_EXERCISE INSTRUCTIONS_: Transcribe the data below verbatim from the line with "[Glossy] Tôi không thể đợi đến 5 giờ 1" to the line with "wat vond je belangrijk". Include both of those lines.

•••••

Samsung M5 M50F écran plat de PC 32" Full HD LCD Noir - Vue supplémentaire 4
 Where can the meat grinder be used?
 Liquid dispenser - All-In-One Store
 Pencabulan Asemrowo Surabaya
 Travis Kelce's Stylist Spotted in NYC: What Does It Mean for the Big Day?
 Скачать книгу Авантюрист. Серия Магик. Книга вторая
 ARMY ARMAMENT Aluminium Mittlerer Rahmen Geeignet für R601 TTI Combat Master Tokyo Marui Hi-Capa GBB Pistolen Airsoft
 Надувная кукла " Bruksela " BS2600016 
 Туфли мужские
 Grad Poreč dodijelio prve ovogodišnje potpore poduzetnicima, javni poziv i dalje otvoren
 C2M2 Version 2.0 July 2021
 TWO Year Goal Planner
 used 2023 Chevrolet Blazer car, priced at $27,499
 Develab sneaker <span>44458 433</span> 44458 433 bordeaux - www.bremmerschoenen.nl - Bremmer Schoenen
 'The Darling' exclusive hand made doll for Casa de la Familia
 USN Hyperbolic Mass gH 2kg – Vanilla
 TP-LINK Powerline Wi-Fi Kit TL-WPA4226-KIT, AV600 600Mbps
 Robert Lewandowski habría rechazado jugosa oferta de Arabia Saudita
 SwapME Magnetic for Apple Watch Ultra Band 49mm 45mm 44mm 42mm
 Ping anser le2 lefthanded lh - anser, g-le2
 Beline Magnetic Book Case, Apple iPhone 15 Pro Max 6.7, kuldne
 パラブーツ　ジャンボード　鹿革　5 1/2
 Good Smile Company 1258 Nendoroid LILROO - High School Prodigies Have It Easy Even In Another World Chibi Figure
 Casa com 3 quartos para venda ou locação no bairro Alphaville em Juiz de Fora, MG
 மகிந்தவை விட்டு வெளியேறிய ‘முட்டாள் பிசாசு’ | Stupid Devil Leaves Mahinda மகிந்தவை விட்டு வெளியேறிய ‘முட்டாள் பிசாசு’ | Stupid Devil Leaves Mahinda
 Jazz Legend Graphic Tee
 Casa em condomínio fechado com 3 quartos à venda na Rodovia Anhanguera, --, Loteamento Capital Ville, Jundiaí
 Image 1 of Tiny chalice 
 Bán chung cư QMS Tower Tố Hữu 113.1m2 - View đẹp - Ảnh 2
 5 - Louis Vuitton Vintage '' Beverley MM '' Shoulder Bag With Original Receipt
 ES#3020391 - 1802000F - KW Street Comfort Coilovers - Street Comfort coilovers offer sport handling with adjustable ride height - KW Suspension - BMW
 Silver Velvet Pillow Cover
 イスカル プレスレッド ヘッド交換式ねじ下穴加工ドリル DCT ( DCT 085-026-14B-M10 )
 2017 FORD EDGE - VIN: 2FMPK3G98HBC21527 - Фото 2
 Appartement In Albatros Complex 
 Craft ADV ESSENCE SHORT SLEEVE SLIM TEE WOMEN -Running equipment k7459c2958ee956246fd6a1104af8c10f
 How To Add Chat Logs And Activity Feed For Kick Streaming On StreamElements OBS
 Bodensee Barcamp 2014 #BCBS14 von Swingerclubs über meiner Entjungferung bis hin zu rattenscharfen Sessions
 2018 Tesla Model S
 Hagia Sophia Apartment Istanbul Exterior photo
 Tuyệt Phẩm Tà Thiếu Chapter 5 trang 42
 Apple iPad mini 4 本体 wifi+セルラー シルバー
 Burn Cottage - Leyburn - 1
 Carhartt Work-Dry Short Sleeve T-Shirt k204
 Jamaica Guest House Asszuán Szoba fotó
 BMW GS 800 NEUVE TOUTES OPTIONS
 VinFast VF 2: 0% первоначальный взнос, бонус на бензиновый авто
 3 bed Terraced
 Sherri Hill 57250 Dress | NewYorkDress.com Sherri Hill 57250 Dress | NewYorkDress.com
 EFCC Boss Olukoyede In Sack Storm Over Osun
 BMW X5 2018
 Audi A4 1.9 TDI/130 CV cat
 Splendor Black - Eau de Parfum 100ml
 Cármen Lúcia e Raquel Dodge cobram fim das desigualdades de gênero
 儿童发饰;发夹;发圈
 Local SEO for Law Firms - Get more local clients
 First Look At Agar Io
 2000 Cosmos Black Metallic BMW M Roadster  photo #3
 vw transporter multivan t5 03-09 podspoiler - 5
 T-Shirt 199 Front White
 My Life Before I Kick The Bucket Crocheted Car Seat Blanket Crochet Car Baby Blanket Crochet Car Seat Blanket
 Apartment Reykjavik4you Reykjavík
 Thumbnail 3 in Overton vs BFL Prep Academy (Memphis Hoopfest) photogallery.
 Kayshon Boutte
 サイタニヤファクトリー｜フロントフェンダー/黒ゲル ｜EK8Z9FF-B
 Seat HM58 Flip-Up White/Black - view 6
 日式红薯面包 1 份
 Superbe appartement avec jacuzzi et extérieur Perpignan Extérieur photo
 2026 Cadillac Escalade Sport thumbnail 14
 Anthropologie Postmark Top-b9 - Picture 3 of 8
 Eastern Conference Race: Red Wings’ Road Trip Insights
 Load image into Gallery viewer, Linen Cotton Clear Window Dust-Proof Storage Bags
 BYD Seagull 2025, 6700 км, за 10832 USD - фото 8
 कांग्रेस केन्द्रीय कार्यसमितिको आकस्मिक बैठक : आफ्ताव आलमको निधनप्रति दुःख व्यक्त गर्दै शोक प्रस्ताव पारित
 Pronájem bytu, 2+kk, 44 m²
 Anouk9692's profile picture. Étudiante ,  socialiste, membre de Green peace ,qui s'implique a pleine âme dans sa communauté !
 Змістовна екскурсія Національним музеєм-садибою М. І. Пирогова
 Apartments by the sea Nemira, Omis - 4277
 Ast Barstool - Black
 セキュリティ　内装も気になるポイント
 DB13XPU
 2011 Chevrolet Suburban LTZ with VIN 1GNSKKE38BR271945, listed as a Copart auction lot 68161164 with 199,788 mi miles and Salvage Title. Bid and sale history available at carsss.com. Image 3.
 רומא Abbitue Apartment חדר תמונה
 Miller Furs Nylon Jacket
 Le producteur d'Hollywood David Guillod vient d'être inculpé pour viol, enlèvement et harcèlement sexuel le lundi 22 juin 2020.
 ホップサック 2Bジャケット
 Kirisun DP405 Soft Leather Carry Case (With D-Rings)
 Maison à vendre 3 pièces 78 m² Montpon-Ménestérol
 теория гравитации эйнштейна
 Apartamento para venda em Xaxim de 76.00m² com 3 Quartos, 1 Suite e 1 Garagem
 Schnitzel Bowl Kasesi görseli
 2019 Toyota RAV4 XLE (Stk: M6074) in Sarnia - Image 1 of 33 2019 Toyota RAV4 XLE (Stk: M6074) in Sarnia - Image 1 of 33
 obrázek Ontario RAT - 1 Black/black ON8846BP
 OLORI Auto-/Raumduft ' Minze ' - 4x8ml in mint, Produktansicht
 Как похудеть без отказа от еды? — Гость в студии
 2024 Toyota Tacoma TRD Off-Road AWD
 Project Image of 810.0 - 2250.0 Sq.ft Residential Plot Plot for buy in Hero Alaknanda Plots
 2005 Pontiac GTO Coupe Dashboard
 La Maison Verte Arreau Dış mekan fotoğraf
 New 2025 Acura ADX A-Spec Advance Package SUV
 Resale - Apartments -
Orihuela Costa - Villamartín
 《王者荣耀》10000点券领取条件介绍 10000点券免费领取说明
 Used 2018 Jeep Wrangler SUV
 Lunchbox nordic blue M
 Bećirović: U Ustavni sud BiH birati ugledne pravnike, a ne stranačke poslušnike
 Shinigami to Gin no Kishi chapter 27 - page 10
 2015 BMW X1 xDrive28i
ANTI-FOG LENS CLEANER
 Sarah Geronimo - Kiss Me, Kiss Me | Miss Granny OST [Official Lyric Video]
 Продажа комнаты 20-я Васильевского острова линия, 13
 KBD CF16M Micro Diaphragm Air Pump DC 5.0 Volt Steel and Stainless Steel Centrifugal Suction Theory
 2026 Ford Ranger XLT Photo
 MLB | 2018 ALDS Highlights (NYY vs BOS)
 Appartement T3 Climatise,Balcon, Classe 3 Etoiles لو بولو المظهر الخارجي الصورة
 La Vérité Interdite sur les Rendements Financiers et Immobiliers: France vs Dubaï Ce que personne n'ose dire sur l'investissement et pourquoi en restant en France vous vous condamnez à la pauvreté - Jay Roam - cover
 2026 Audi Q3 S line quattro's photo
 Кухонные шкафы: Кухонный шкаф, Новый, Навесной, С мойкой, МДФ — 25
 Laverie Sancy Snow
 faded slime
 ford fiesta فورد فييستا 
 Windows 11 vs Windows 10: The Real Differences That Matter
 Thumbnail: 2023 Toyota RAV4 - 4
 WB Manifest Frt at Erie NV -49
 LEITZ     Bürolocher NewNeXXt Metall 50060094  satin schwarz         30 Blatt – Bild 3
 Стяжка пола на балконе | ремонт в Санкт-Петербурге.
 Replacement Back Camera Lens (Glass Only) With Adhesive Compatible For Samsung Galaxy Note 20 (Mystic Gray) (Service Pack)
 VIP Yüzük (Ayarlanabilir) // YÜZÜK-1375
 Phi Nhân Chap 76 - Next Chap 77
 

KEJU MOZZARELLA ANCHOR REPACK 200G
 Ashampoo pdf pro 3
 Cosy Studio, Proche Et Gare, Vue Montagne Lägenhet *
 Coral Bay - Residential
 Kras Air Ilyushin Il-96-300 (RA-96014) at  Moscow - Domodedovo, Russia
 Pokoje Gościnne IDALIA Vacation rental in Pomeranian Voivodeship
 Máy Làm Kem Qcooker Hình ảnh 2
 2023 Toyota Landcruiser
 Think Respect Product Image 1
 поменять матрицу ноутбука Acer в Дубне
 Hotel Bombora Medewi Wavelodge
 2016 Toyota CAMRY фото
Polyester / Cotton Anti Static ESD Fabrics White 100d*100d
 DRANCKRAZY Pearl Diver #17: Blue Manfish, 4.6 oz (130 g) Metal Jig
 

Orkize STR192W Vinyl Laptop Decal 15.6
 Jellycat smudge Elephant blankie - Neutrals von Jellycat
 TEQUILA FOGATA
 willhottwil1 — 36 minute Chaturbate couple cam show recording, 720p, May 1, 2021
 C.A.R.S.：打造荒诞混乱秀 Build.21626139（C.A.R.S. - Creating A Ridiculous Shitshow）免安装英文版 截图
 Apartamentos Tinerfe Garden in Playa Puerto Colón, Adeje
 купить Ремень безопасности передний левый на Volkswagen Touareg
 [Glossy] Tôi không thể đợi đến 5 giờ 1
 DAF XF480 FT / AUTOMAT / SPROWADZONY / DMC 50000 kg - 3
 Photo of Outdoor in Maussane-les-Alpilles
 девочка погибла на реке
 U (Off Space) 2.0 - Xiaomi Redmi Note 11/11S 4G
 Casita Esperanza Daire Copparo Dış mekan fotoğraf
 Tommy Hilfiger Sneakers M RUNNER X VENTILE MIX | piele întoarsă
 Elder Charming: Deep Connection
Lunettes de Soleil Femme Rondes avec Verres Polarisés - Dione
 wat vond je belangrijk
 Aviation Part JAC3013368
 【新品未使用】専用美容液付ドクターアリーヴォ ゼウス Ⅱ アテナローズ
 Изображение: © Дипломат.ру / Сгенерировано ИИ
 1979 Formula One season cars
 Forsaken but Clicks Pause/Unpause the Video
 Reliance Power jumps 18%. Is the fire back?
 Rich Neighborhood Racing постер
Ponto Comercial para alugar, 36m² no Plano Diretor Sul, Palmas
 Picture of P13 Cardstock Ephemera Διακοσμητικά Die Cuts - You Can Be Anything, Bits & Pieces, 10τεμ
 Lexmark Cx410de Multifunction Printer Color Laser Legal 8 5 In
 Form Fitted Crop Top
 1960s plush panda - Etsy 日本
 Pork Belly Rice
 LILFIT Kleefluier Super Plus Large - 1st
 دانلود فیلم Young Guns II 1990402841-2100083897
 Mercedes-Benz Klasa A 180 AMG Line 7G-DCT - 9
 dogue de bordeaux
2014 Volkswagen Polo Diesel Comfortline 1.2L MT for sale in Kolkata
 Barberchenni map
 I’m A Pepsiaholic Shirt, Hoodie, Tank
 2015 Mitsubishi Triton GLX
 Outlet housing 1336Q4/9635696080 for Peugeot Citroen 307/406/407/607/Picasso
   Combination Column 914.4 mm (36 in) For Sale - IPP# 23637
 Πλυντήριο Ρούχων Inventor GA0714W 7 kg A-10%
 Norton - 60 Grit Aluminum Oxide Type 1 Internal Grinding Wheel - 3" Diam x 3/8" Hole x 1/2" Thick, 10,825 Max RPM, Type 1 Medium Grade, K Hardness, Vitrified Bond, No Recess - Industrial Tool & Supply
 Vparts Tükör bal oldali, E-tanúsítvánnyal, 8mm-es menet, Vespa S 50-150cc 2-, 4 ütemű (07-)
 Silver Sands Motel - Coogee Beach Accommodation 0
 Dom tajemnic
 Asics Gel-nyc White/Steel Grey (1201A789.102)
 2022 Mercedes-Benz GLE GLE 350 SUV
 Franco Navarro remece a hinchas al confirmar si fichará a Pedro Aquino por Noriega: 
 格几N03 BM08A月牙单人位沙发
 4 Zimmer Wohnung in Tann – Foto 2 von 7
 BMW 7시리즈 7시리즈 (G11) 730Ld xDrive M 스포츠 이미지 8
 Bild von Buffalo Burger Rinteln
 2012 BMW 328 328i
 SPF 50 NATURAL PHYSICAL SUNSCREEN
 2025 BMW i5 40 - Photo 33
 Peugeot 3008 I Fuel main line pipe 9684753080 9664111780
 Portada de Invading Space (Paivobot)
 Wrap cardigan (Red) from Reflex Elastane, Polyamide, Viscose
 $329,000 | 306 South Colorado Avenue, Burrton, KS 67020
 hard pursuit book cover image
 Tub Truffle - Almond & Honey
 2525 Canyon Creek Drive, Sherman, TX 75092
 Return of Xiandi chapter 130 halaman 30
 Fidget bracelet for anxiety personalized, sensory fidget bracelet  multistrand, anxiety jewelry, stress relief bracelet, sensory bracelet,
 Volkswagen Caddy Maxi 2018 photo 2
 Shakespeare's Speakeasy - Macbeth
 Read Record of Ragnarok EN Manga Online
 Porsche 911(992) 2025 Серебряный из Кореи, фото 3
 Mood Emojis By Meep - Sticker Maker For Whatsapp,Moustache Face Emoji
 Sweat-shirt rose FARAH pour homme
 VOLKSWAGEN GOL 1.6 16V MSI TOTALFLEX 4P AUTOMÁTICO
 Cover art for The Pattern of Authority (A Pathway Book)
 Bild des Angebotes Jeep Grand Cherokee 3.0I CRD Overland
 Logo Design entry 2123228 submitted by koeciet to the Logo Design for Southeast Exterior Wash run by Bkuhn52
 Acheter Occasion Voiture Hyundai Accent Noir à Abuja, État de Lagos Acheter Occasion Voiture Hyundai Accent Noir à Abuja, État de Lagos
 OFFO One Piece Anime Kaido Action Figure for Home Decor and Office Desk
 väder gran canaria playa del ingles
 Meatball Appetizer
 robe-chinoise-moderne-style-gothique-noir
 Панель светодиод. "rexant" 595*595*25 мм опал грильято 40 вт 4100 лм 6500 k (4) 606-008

•••••

_ANSWER SPACE_:
 [Glossy] Tôi không thể đợi đến 5 giờ 1
 DAF XF480 FT / AUTOMAT / SPROWADZONY / DMC 50000 kg - 3
 Photo of Outdoor in Maussane-les-Alpilles
 девочка погибла на реке
 U (Off Space) 2.0 - Xiaomi Redmi Note 11/11S 4G
 Casita Esperanza Daire Copparo Dış mekan fotoğraf
 Tommy Hilfiger Sneakers M RUNNER X VENTILE MIX | piele întoarsă
 Elder Charming: Deep Connection
Lunettes de Soleil Femme Rondes avec Verres Polarisés - Dione
 wat vond je belangrijk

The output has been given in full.